- Directed by: Joseph Blasioli
- Written by: Stephen Brunt
- Produced by: Silva Basmajian
- Narrated by: Colin Linden
- Cinematography: Michael Ellis
- Edited by: Craig Bateman
- Music by: Allan Kane
- Production company: National Film Board of Canada
- Distributed by: Koch Vision
- Release date: May 3, 2003 (Hot Docs);
- Running time: 100 minutes
- Country: Canada
- Language: English

= The Last Round: Chuvalo vs. Ali =

2003 Canadian documentary film

The Last Round: Chuvalo vs. Ali is a 2003 Canadian documentary film, directed by Joseph Blasioli. The film centres on the 1966 boxing match at Maple Leaf Gardens between Canadian boxer George Chuvalo and world champion Muhammad Ali.

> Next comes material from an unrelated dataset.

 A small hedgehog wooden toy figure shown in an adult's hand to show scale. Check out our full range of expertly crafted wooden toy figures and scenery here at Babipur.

An excerpt from the film was screened at the SkyDome before a Toronto Argonauts game on October 20, 2002, with both Chuvalo and Ali in attendance. The full film premiered on May 3, 2003, at the Hot Docs Canadian International Documentary Festival, where Blasioli won a special jury award from the Best Canadian Documentary jury.

The film was a Genie Award nominee for Best Feature Length Documentary at the 24th Genie Awards in 2004. It was subsequently broadcast by CBC Television on August 30, 2004.